◆ WHAT YOU NEED TO DO
Your output should be the lines below from the one with "Christmas Santa straw" through the one with "Windows Logo Black And White HD wallpaper", copied exactly, pictures excluded.

◆ DATA FOR PROCESSING
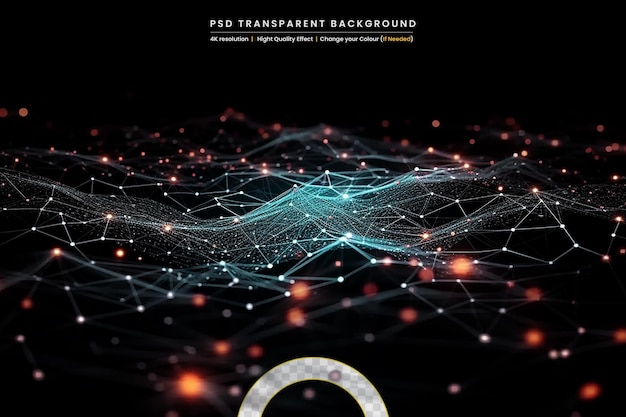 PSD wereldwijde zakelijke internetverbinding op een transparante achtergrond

---

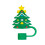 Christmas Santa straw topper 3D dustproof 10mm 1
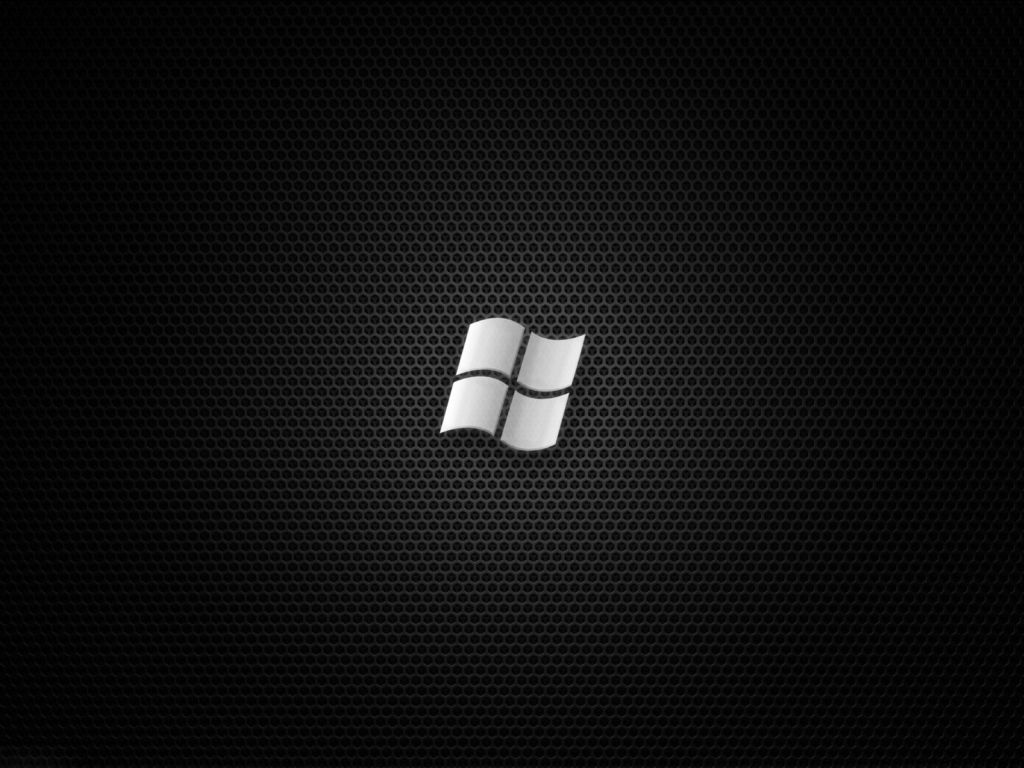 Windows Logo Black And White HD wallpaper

==

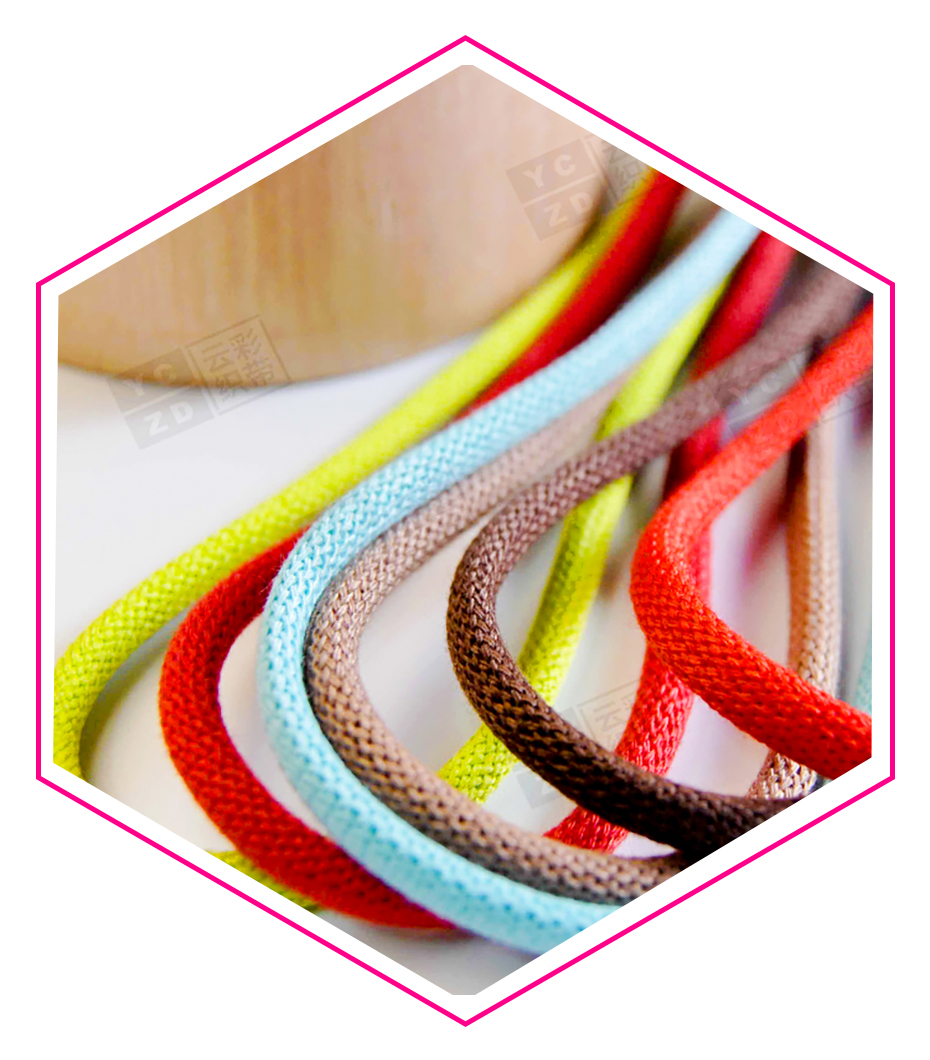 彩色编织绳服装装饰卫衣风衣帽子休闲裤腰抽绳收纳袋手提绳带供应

◆ YOUR SOLUTION
 Christmas Santa straw topper 3D dustproof 10mm 1
 Windows Logo Black And White HD wallpaper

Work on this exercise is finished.